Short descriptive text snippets
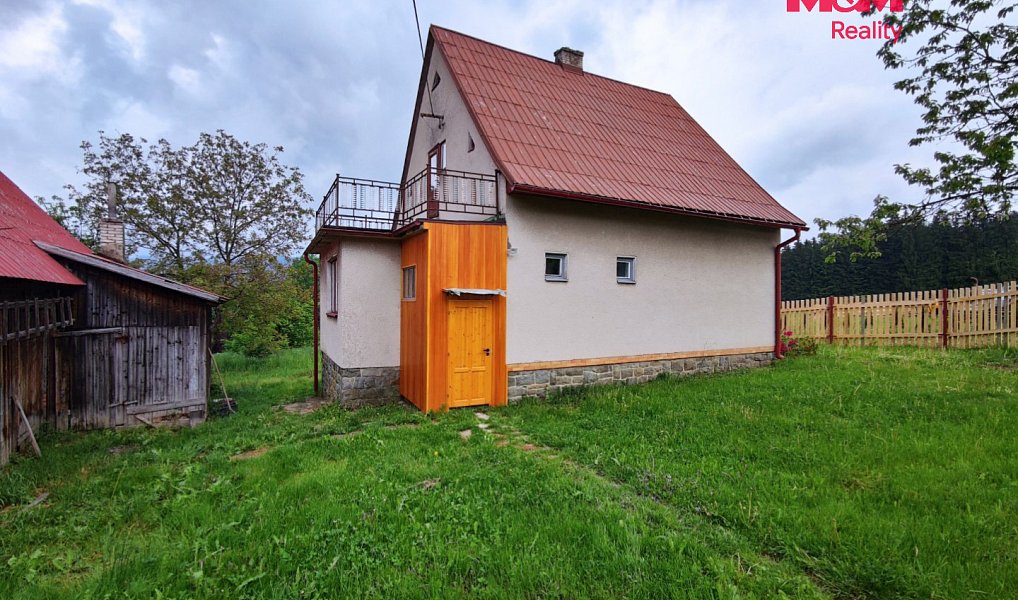 Prodej domu 150 m² s pozemkem 871 m², Bílá – náhled fotky 4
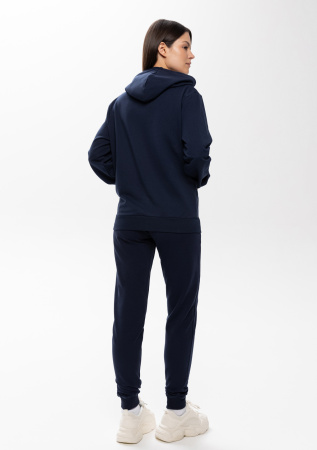 Худи унисекс STAN футер без начёса 260, 23, Т-синий (46) | Мерч, униформа и текстиль для бизнеса photo-17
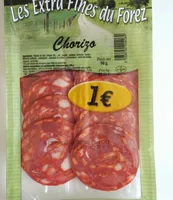 Chorizo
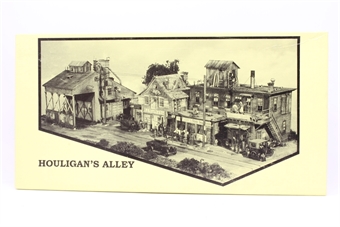 Houligan's Alley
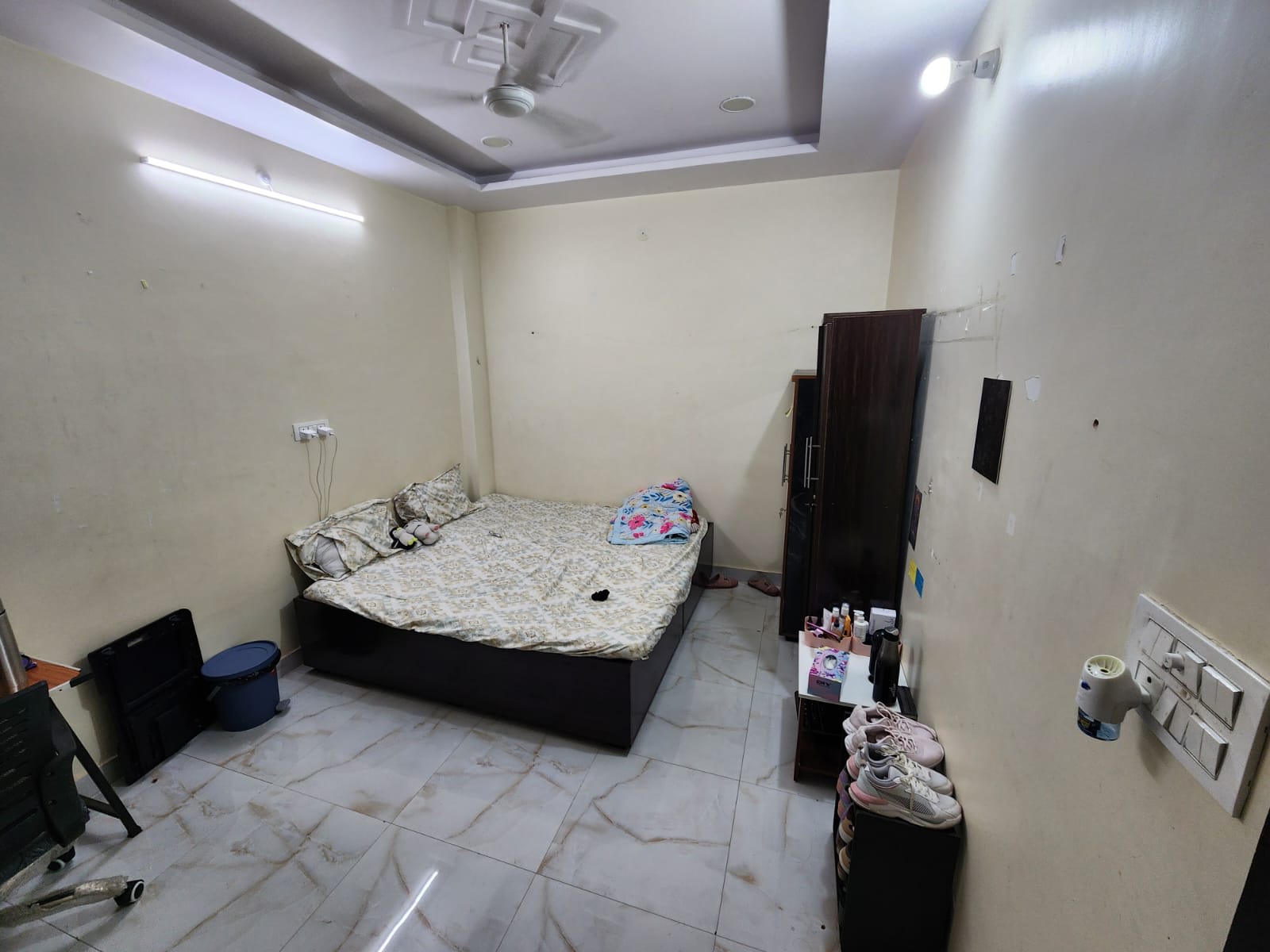 PG in Near Amity University, Gate no-4, Amity University, Lucknow - photo 5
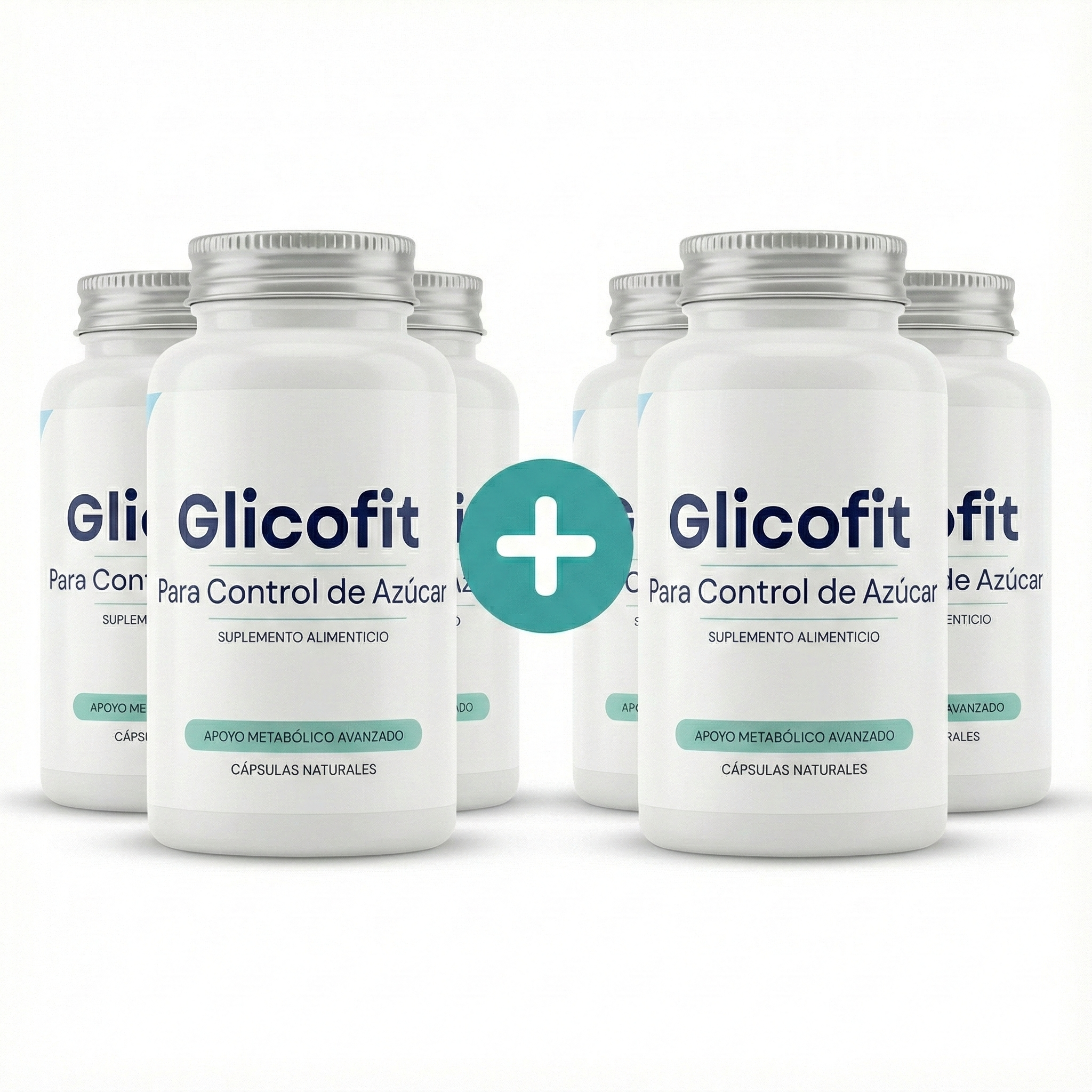 Glicofit™ – Apoyo Metabólico Natural Para Tu Bienestar Diario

Work to be completed
Give back the records word for word, without their pictures.

Final answer
 Prodej domu 150 m² s pozemkem 871 m², Bílá – náhled fotky 4
 Худи унисекс STAN футер без начёса 260, 23, Т-синий (46) | Мерч, униформа и текстиль для бизнеса photo-17
 Chorizo
 Houligan's Alley
 PG in Near Amity University, Gate no-4, Amity University, Lucknow - photo 5
 Glicofit™ – Apoyo Metabólico Natural Para Tu Bienestar Diario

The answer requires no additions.